■ Required work ■
Across the data below, how many lines have the word "Cover" in them? Respond with the number alone.

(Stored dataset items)
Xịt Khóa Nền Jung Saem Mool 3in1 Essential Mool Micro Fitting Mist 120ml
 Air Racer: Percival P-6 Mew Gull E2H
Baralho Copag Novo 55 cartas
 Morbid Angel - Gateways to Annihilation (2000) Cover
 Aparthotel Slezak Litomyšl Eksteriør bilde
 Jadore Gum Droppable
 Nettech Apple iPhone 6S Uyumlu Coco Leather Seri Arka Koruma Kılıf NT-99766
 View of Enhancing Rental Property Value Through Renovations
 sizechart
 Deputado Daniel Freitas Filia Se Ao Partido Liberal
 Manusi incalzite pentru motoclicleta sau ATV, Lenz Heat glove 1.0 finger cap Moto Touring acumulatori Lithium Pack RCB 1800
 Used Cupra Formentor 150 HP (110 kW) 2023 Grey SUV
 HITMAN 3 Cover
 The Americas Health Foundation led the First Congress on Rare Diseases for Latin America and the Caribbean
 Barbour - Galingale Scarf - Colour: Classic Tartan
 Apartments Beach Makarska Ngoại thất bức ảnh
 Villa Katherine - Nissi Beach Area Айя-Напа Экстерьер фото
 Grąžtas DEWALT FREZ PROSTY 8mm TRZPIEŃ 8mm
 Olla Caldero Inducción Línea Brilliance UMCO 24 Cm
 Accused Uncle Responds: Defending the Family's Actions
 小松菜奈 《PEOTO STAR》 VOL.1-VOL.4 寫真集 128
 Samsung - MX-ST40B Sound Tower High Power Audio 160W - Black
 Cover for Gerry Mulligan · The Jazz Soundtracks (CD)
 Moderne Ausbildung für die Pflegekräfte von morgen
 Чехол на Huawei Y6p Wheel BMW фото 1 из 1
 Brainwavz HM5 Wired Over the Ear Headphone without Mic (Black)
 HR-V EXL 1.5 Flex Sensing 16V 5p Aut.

■ Answer below ■
3